Per fortuna che non mi aveva portato solo quella. Mi misi a letto, nella speranza di addormentarmi, invano. Decisi di andare in cerca di una macchinetta del caffè, magari una cioccolata calda mi avrebbe conciliato il sonno. Pian piano mi misi in piedi reggendomi al comodino, per evitare di cadere di nuovo, ma la testa non mi girava più. Uscii dalla camera, il corridoio era vuoto. Girai per un pezzo in cerca di un distributore, poi pensai che forse lo avrei trovato al piano di sotto. Cercai un ascensore e vi salii. Premetti il pulsante del pianoterra, e una volta fuori trovai ciò che cercavo. Tirai fuori gli spiccioli che avevo messo in tasca e presi la mia cioccolata calda e uno snack. Mentre bevevo, ebbi un altro capogiro, ma riuscii a sedermi in tempo in una delle poltroncine li accanto.

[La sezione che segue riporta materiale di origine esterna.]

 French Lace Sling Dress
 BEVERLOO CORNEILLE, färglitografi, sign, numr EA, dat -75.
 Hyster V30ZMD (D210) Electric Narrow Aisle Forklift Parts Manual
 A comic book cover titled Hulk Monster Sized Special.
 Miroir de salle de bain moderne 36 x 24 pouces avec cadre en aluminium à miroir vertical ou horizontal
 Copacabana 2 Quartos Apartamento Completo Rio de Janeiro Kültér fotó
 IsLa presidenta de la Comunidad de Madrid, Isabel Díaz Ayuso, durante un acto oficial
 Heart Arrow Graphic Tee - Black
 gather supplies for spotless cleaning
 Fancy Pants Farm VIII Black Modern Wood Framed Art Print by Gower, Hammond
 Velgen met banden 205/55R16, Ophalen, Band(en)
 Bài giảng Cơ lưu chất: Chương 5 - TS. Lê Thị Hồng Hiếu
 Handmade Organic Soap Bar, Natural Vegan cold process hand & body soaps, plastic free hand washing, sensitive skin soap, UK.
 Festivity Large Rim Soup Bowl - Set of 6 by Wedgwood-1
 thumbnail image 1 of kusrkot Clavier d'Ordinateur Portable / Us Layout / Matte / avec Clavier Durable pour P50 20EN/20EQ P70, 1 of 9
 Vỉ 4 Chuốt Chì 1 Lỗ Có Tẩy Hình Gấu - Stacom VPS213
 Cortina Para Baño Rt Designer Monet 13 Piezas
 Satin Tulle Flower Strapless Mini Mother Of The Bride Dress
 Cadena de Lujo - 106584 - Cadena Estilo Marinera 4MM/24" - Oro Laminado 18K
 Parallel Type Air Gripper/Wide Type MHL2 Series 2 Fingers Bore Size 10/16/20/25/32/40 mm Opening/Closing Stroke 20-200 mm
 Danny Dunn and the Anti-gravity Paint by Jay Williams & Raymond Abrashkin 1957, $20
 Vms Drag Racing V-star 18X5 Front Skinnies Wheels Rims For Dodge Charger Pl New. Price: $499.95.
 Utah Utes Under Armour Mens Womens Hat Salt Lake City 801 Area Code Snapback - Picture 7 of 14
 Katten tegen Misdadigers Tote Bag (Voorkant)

Dopo aver finito la cioccolata e aver mangiato lo snack, sentendomi stanco anche a causa del giramento di testa, mi diressi all'ascensore per tornare in camera mia, ma probabilmente avevo sbagliato a premere il pulsante, perché mi ritrovai in un piano che non era il mio. C'era un lungo corridoio, le pareti erano grige, e le porte tutte chiuse tranne una. Pensai che forse era una delle stanze dove si trovavano i medici, e siccome mi resi conto che io in effetti non sapevo a che piano stava la mia stanza, decisi di andare a chiedere informazioni. Mi avvicinai alla porta, ma capii subito che non era la stanza dei medici. Era una camera con un solo letto, piena di macchinari che emettevano "bip" di tutti i tipi. Sul letto, intubata, una ragazza molto pallida e magra, con dei lunghi capelli color miele. Sul tavolino c'era un mazzo di fiori, un libro, alcuni cd e un lettore CD con le cuffie. Notai che una delle copertine dei CD era familiare, e feci per avvicinarmi, quando sentii una mano sulla mia spalla e trasalii.